5.5.11

o pintam tem as costas largas

Estou cheio de trabalho e, para tentar perceber as reacções ao que se tem passado desde o anúncio de um acordo de princípio entre a troika e o governo, não tenho podido mais do que dar umas espreitadelas a alguns blogues e alguns sítios de jornais. É hilariante a quantidade de triplos saltos mortais que a direita anda a fazer para tentar disfarçar a dor - mas isso agora não interessa. (A esquerda da esquerda, essa, emigrou. Há-de agora reentrar em cena: para dizer mal dos actores e da peça a que fugiu, por cobardia política: por não sentir o dever de representar, em todas as circunstâncias necessárias, os que nela votaram.)

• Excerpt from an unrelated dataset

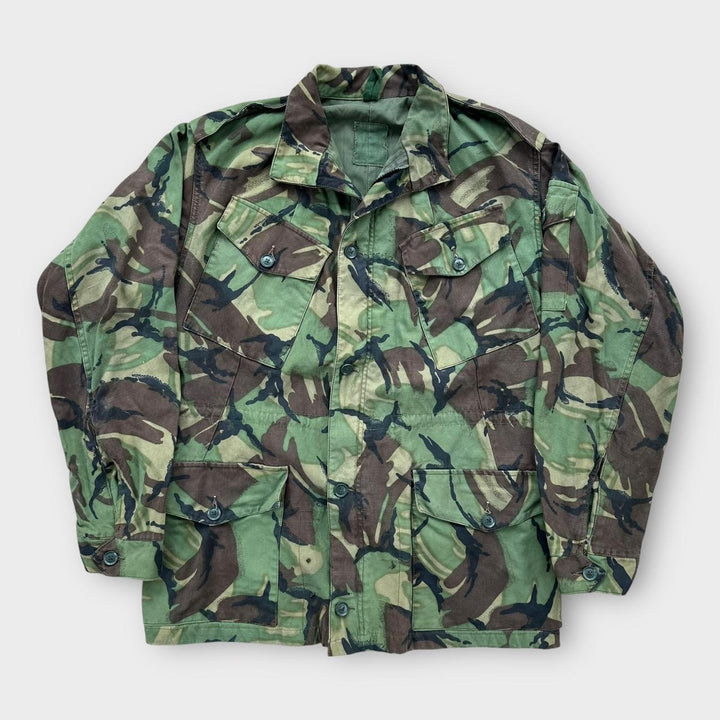 Giacca da combattimento DPM dell'esercito britannico - grande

O que acho extraordinário é que alguns se espantem por o governo, apesar de ter querido evitar a "ajuda externa", ter conseguido, chegado a esse ponto, negociar um acordo onde alguns dos sustos mais anunciados na imprensa tremendista simplesmente não se fizeram acontecer. Dizem eles algo assim: afinal o FMI não é tão mau como o pintam. O "pintam" tem as costas largas. Oh, deuses da estepe, expliquem lá a esses senhores para que serve a política. A política não é um filme que já está filmado desde o princípio do mundo. A política é a arte e o saber de agir nas circunstâncias concretas, nas que realmente existem, tanto as favoráveis como as adversas, em vista do possível e não do ideal.

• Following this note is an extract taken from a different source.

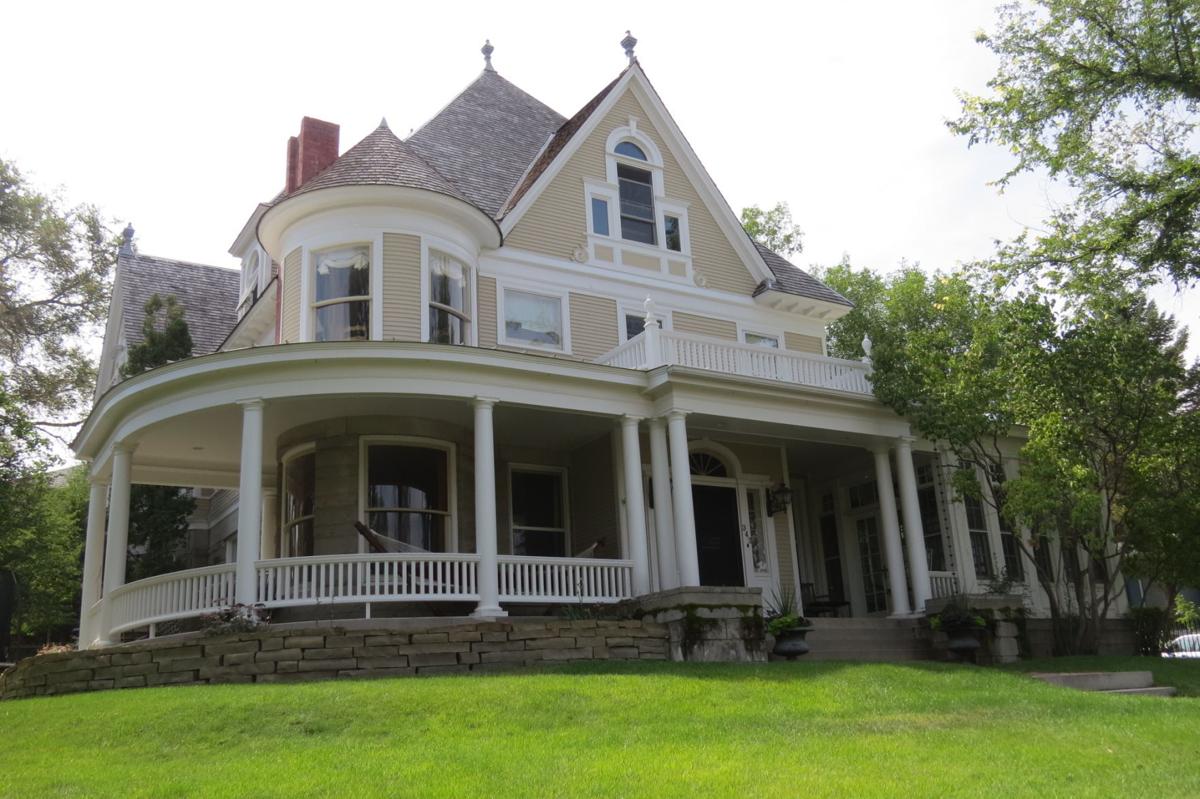 These 14 mansions offer a glimpse into Helena’s cosmopolitan history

Quer dizer: o empurrão que a esquerda da esquerda e a direita, juntas, deram ao governo, tinha um objectivo: tornar as coisas tão más, ainda com Sócrates em gestão e a dar a cara pelo país, que as pessoas votassem com a fúria e levassem os empurradores (ou rasteiradores, na versão Capucho) para S. Bento. Esperavam, para que o plano desse certo, que Sócrates amuasse e se rendesse à inevitabilidade do programa de coligação PSD-FMI (o que Passos um dia sonhou mas lhe falta coragem para assumir). Não foi nada disso que o governo fez: o governo foi à luta e procurou as melhoras saídas que a situação permitia. Enquanto outros primavam pela ausência, mesmo assim causando talvez menos estragos do que aqueles que passaram o tempo a tentar convencer a troika que os governantes deste país eram uns piratas que tinham os cadáveres da coisa pública encondidos em armários.

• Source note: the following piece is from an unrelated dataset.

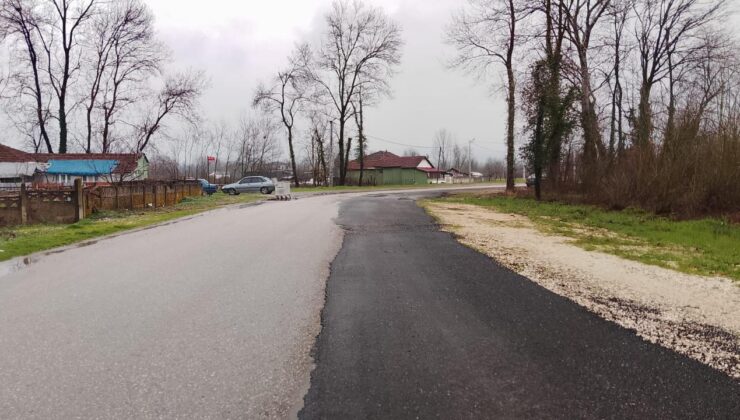 Mahalle Yolları Genişletiliyor: Dedeler Mahallesi’nde Çalışmalar Sürüyor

Será fácil o que aí vem? Não creio. Mas talvez agora mais alguns dirigentes políticos portugueses estejam a meditar no valor da determinação. O plano, sendo melhor - em tudo - do que o da Grécia ou o da Irlanda, é o resultado da luta política: o governo de Portugal esteve sempre do lado certo no debate europeu, disposto ao rigor mas reclamando sempre a necessidade de uma acção conjunta europeia sólida e estratégica. Aqueles que dizem que isto (a "ajuda") teria sido melhor se tivesse vindo mais cedo, esquecem duas coisas. Esquecem que o esperado efeito recessivo destas medidas teria começado mais cedo se mais cedo tivéssemos ido por esse caminho. Esquecem que a relativa "bondade" deste plano, quando comparado com os da Grécia e da Irlanda, foi possível depois de todos terem percebido os erros dos planos impostos a esses países. O país ganhou com a persistência de Sócrates em resistir - e é provável que tivesse ganho ainda mais se uma crise perfeitamente instrumental para os desejos imediatos da oposição não tivesse vindo dizer ao mundo que os indígenas do extremo ocidental da península europeia estavam loucos varridos.
Contudo, como vamos vendo pouco a pouco, a marca ideológica dos que pensam mais como o PSD do que como o PS, que afinal mandam na Europa, está impressa no plano que aí vem. O traço mais evidente dessa inspiração são privatizações várias, e feitas à pressa, que agora se anunciam. Quer dizer: o Estado vai vender sob pressão, em muitos casos vai vender o que é mais saboroso e vai ficar com o que dá prejuízo, vai vender actividades cujo controlo é estratégico para o país, vai empobrecer-se para ganhar algum dinheiro no imediato. Isso não são boas notícias. Mas são as notícias que quiseram provocar os que falam à sombra das costas largas do "pintam". Porque "o FMI não é tão mau como o pintam".